+++ DATA FOR PROCESSING +++

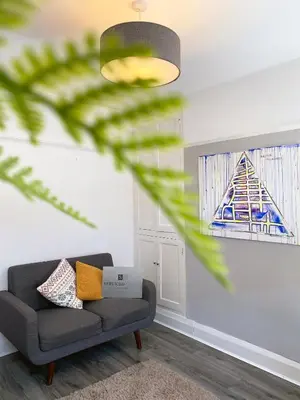 a living room with a couch and a window at The Baltic Townhouses by Serviced Living Liverpool in Liverpool
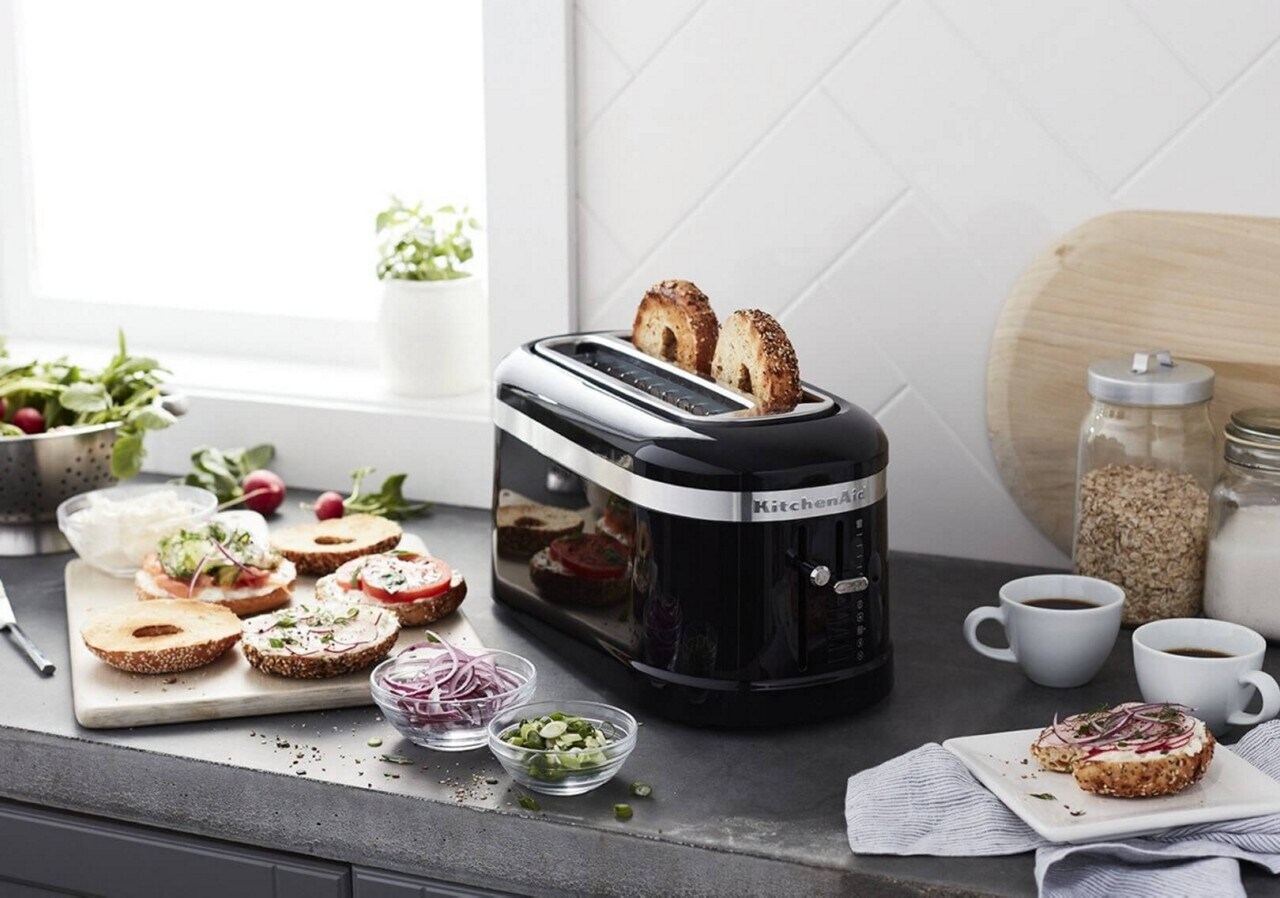 Black toaster on a counter with bagel and lox ingredients surrounding it Black toaster on a counter with bagel and lox ingredients surrounding it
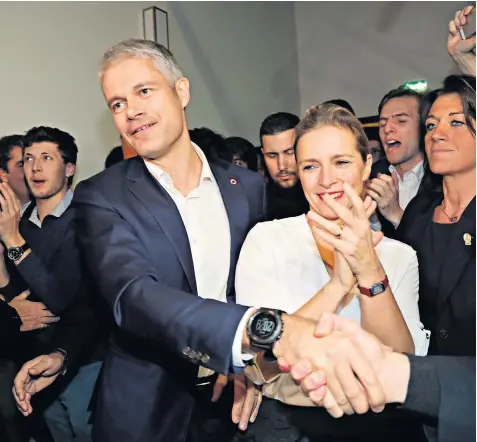  ??  ?? Laurent Wauquiez, above with his wife Charlotte, says: “I cannot for a single moment accept we treat Britain in the same way as we treat Canada or China. It’s unthinkabl­e”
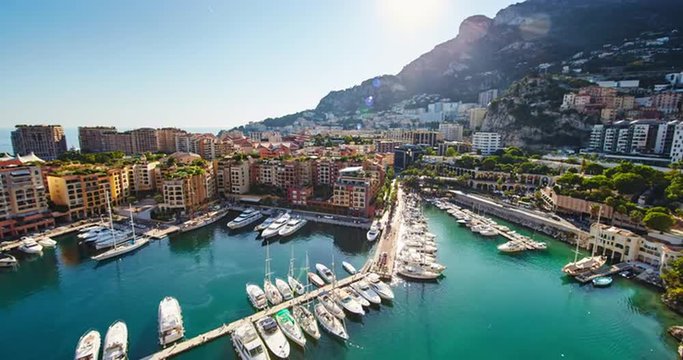 Monaco, Fontvieille, 29.08.2015: View from the Monaco village, Palace Square Prince of Monaco at sunset, the famous port, oil spots on the water, helicopters, luxury apartments, azure water, yacht, 4k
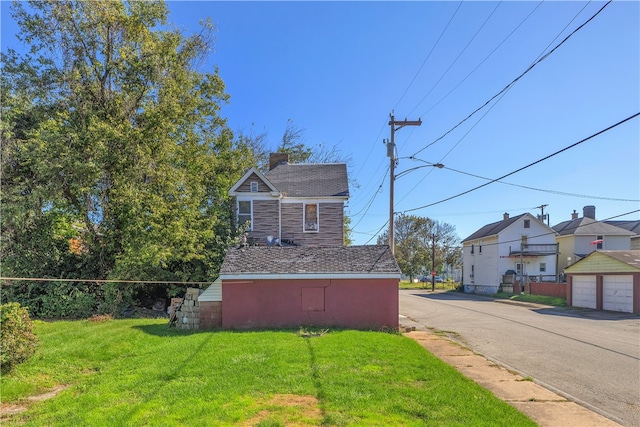 view of side of property featuring a lawn and a garage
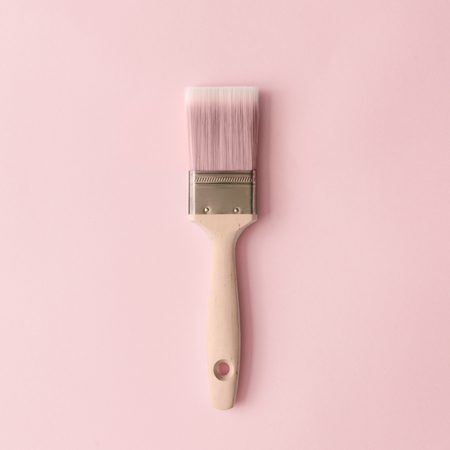 Creative concept made with paint brush and pastel pink background. Minimal flat lay.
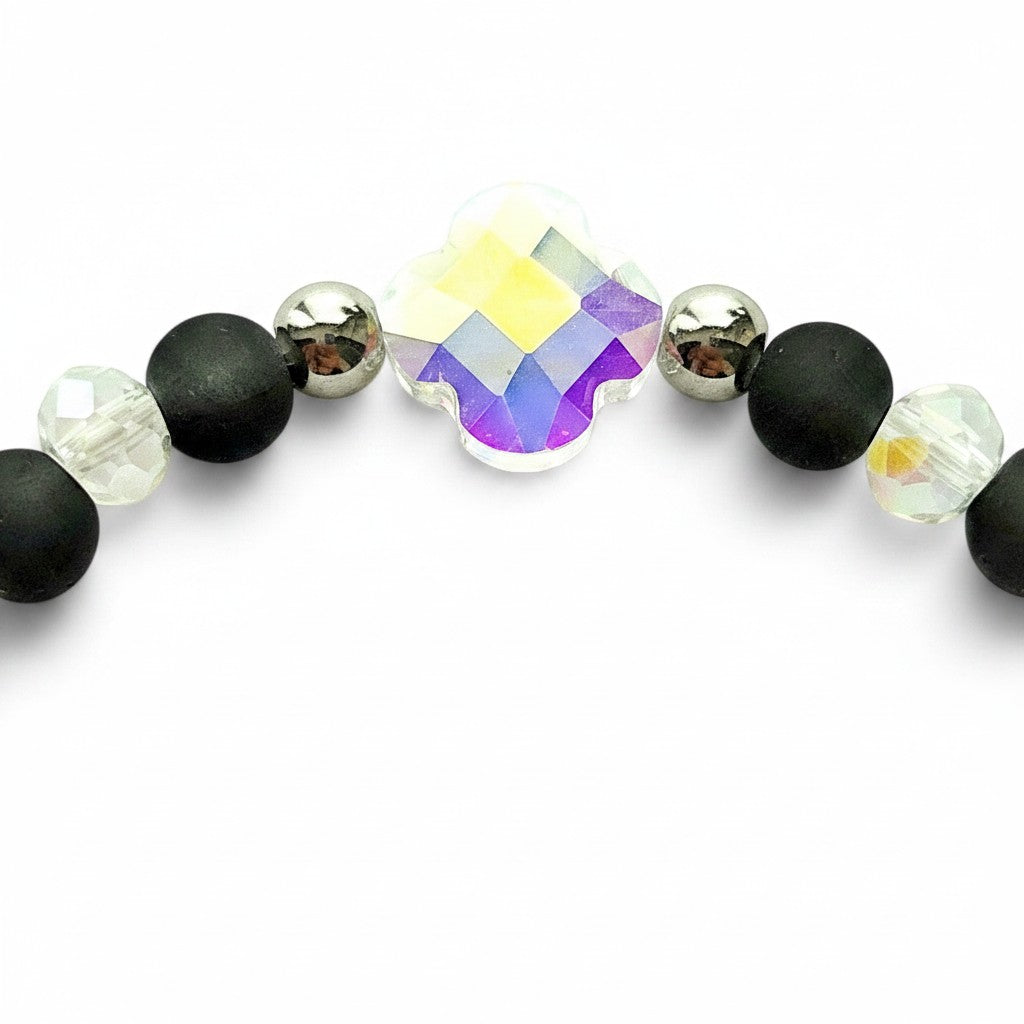 Handmade by Erika Liesel Hocus Pocus bracelet with matte black beads, silver accents, and iridescent crystal charm.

+++

Repeat exactly the lines from the one containing "view of side" to the last line of the records above, including both, and leave out any pictures.

EXERCISE RESULT —
 view of side of property featuring a lawn and a garage
 Creative concept made with paint brush and pastel pink background. Minimal flat lay.
 Handmade by Erika Liesel Hocus Pocus bracelet with matte black beads, silver accents, and iridescent crystal charm.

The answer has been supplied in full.